⟨

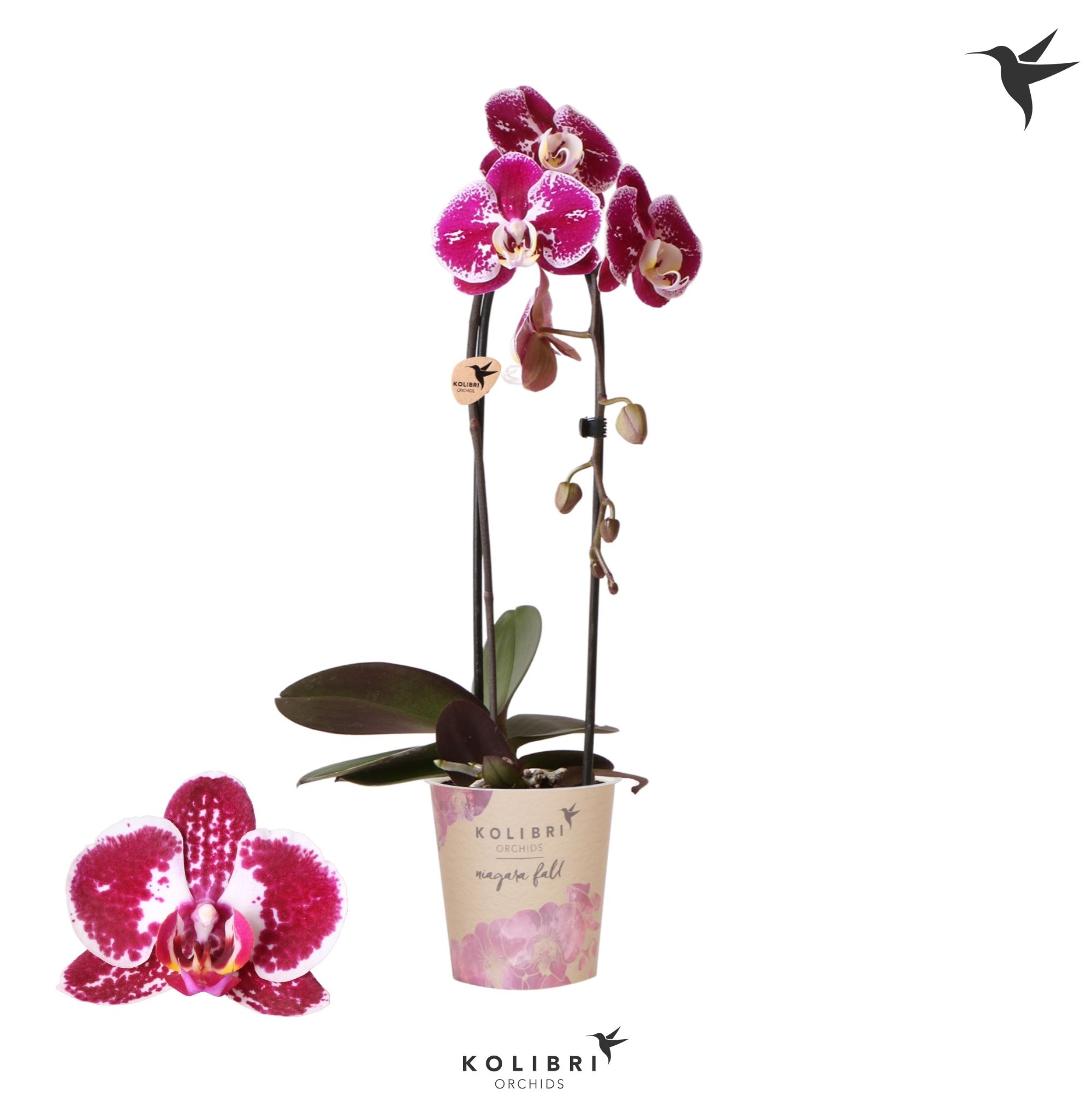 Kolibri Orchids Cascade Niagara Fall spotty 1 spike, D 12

⟩
⟨

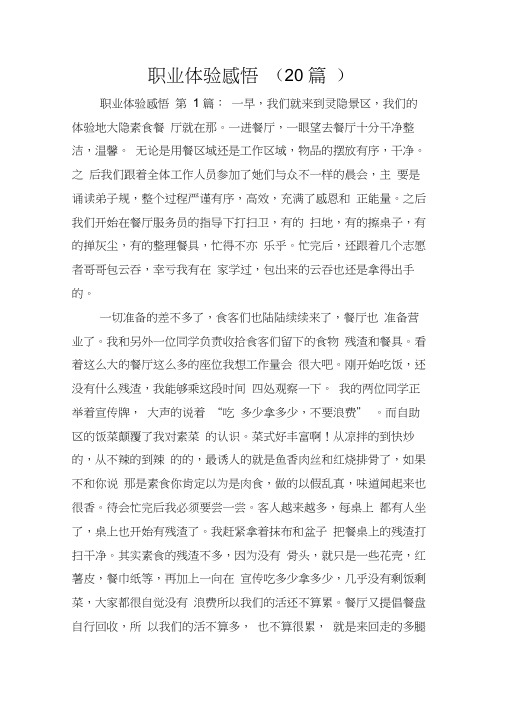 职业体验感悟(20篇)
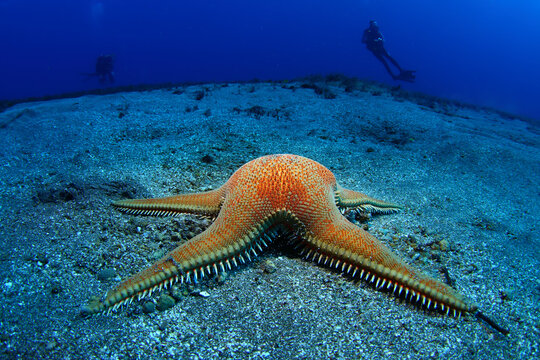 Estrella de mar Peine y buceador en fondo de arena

⟩

### What the exercise asks
Print, exactly and with no pictures, the lines of the listing above starting at the one that has "职业体验感悟(20篇)" and ending at the one that has "Estrella de mar", both included.

### Solution to this task
 职业体验感悟(20篇)
 Estrella de mar Peine y buceador en fondo de arena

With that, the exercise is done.